> [Supplied records]:

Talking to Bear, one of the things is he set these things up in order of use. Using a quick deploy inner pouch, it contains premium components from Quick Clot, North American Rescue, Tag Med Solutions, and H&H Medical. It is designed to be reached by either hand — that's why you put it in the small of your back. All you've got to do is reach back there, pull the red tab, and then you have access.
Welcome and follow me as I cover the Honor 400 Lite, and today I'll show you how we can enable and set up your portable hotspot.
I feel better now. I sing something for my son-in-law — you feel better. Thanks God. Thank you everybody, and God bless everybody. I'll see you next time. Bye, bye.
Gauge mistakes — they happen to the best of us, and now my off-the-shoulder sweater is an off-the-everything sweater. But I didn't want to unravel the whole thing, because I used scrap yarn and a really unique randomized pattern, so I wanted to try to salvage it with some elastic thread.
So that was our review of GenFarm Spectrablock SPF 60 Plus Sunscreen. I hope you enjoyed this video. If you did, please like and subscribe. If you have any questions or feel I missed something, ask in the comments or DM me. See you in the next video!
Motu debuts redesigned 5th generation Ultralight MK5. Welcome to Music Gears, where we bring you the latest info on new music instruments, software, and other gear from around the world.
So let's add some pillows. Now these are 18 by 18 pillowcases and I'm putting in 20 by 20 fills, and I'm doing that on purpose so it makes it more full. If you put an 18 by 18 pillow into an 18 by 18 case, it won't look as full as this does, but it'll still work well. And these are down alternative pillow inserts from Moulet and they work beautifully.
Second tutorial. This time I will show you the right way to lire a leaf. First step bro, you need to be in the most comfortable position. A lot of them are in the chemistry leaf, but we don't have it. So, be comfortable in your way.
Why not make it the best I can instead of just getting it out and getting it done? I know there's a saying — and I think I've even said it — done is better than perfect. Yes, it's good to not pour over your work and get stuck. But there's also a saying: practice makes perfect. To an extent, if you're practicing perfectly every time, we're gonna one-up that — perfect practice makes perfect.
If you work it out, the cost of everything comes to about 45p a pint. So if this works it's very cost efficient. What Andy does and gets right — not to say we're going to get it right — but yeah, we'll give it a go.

> [Exercise details]:
Retype exactly the lines above, from the one with "So let's add" through the one with "Second tutorial. This", inclusive.

> [Solved exercise]:
So let's add some pillows. Now these are 18 by 18 pillowcases and I'm putting in 20 by 20 fills, and I'm doing that on purpose so it makes it more full. If you put an 18 by 18 pillow into an 18 by 18 case, it won't look as full as this does, but it'll still work well. And these are down alternative pillow inserts from Moulet and they work beautifully.
Second tutorial. This time I will show you the right way to lire a leaf. First step bro, you need to be in the most comfortable position. A lot of them are in the chemistry leaf, but we don't have it. So, be comfortable in your way.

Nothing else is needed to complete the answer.